Significant places in the Lincoln Street neighborhood that are on the state’s list, in addition to the LeMoyne Community Center, are two churches, Wright Memorial African Methodist Episcopal Zion Church, also known as Wright’s Chapel, and Nazareth Baptist Church; the Lincoln Terrace housing project, which dates to the early 1940s; and what a study called “slave homes” on East Spruce and East Walnut streets and North Lincoln Avenue that may have been originally built with logs by slaves of John and William Hoge.
Boyd Crumrine’s 1882 “History of Washington County” states, “According to this ancient tradition, the Hoges gave a lot to each slave who would erect a cabin; and that is the reason that section of the town has been from the beginning of the town the negro section.”
On the list of historic buildings, but previously torn down, are the Third Ward Public School; an “African” school at an unknown location, but listed by Crumrine as “West Pine Alley,” which would place it on the opposite side of North Main Street; and the International and Benevolent Protective Order of Elks of the World on Highland Avenue, described in a state report as “once a stately Italianate home.” The last surviving fraternal building associated with Washington’s black community, it was demolished in 2010 for a Community Action Southwest project funded through the Local Share Account of gambling proceeds from The Meadows Racetrack and Casino.
“The grant is to take survey work and research and create historical context,” Splain said of a “document that helps people understand the history and importance or significance. It’s about writing the bigger story.”
She gave as an example that a congregation might produce the history of its church. A history scholar, however, would examine multiple churches, seeking common threads and explaining why they are collectively important.
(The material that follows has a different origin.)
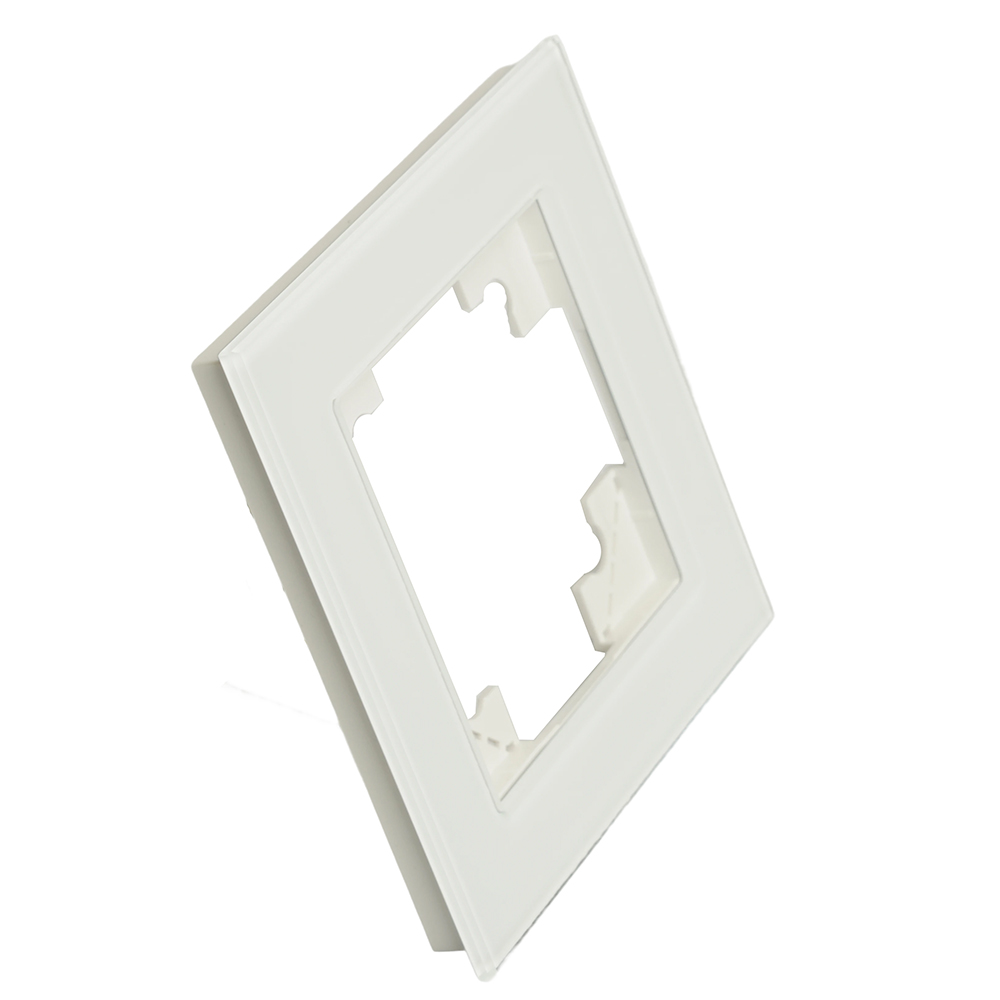 Рамка 1-местная для сенсорных механизмов, подсветки, стекло, Stekker Катрин GFR00-7001-01S 50303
“It’s a way to organize history so you can understand the building.”
The historians “will be looking at schools, churches and lodges to tell the whole story the best we can,” Splain said.
The State Historic Preservation Office aims to make this type of information “easier for people to use so they will have access to religious institutions, cemeteries, fraternal buildings, what role these institutions played in African-American communities, and what forces shaped an African-American church or cemetery.”
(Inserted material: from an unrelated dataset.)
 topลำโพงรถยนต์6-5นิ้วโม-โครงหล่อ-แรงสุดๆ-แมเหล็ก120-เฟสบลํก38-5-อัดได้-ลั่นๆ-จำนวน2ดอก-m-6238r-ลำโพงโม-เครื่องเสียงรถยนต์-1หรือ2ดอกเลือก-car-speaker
The historic preservation office won’t be nominating buildings as national historic places, but if another organization is interested in taking that step, the state hopes to help make the nomination process easier and simpler.
As part of a survey, a team identified Washington and eight other communities that would be worth a more extensive look.
Also on the under-represented communities list are Bedford, Coatesville, Meadville, Mt. Union, Stroudsburg, Wilkes-Barre, Williamsport and Indiana.
Burg also will be working with the Hallowed Grounds project to develop a database of every black cemetery and burial ground in Pennsylvania.